BEGIN INPUT MATERIAL

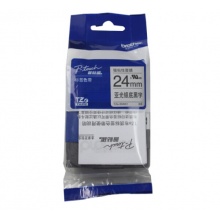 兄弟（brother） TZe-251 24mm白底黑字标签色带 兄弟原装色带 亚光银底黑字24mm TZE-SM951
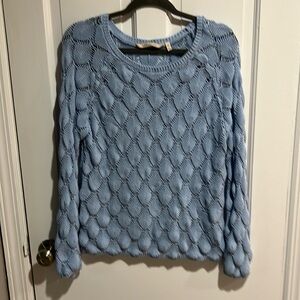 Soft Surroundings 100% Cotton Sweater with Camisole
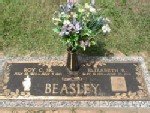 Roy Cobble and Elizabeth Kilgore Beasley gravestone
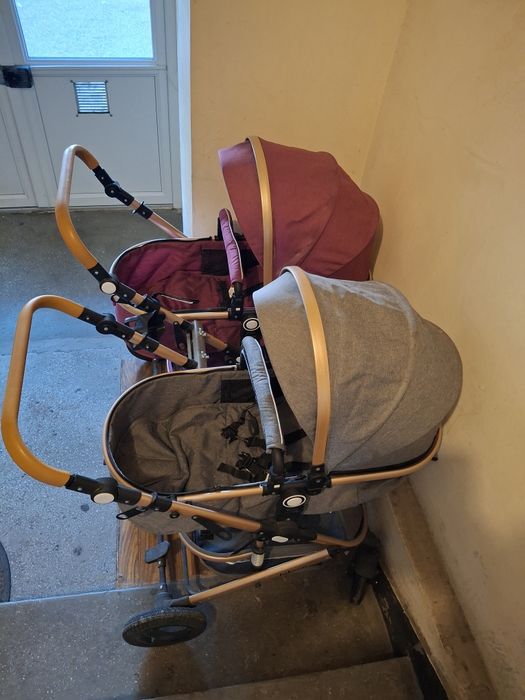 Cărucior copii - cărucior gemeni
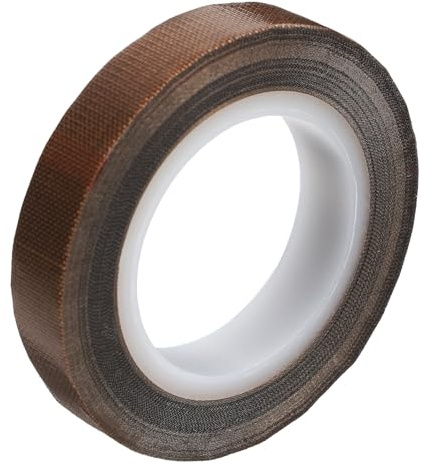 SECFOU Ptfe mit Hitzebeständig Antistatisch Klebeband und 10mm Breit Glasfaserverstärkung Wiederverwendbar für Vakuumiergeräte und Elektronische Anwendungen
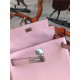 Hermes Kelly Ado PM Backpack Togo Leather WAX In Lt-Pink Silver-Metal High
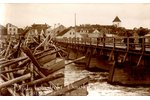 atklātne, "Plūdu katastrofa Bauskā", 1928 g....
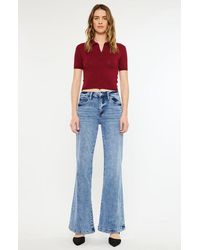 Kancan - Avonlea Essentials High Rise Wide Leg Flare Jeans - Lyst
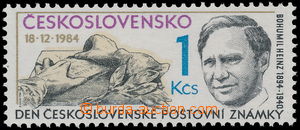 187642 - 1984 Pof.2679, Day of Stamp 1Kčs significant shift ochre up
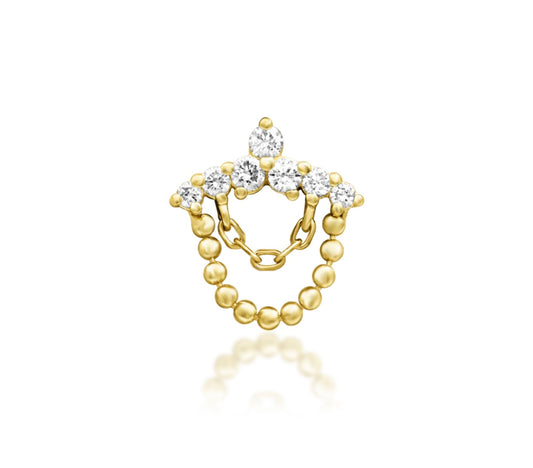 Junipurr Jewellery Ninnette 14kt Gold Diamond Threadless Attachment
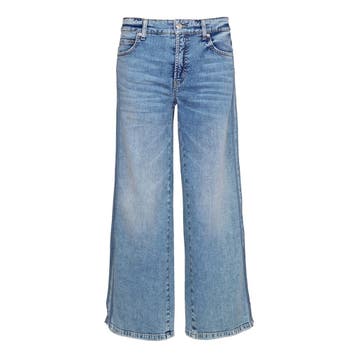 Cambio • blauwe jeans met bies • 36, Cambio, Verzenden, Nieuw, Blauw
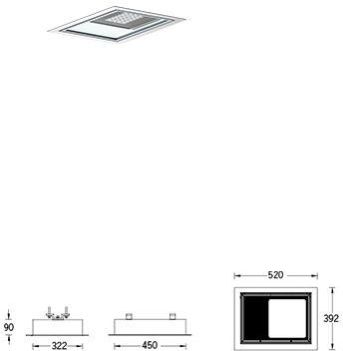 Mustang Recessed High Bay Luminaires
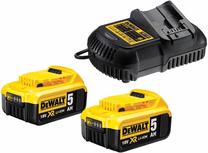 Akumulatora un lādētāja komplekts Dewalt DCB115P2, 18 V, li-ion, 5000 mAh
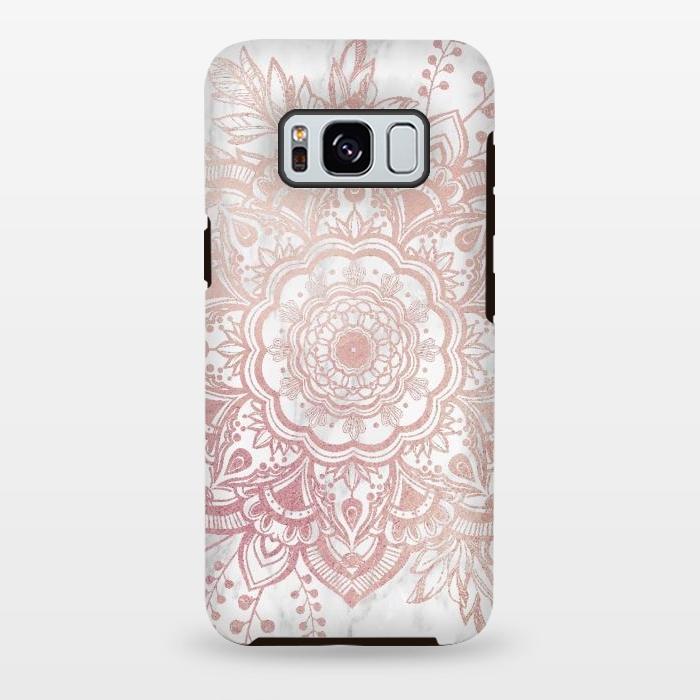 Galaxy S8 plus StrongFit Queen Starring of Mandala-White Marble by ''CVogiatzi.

END INPUT MATERIAL

■ **TO DO**
From the opening line of the entries above to the line containing "Mustang Recessed High Bay Luminaires", please transcribe each line exactly, skipping every picture.

■ **EXERCISE RESPONSE**
 兄弟（brother） TZe-251 24mm白底黑字标签色带 兄弟原装色带 亚光银底黑字24mm TZE-SM951
 Soft Surroundings 100% Cotton Sweater with Camisole
 Roy Cobble and Elizabeth Kilgore Beasley gravestone
 Cărucior copii - cărucior gemeni
 SECFOU Ptfe mit Hitzebeständig Antistatisch Klebeband und 10mm Breit Glasfaserverstärkung Wiederverwendbar für Vakuumiergeräte und Elektronische Anwendungen
 Hermes Kelly Ado PM Backpack Togo Leather WAX In Lt-Pink Silver-Metal High
 atklātne, "Plūdu katastrofa Bauskā", 1928 g....
 Kancan - Avonlea Essentials High Rise Wide Leg Flare Jeans - Lyst
 187642 - 1984 Pof.2679, Day of Stamp 1Kčs significant shift ochre up
 Junipurr Jewellery Ninnette 14kt Gold Diamond Threadless Attachment
 Cambio • blauwe jeans met bies • 36, Cambio, Verzenden, Nieuw, Blauw
 Mustang Recessed High Bay Luminaires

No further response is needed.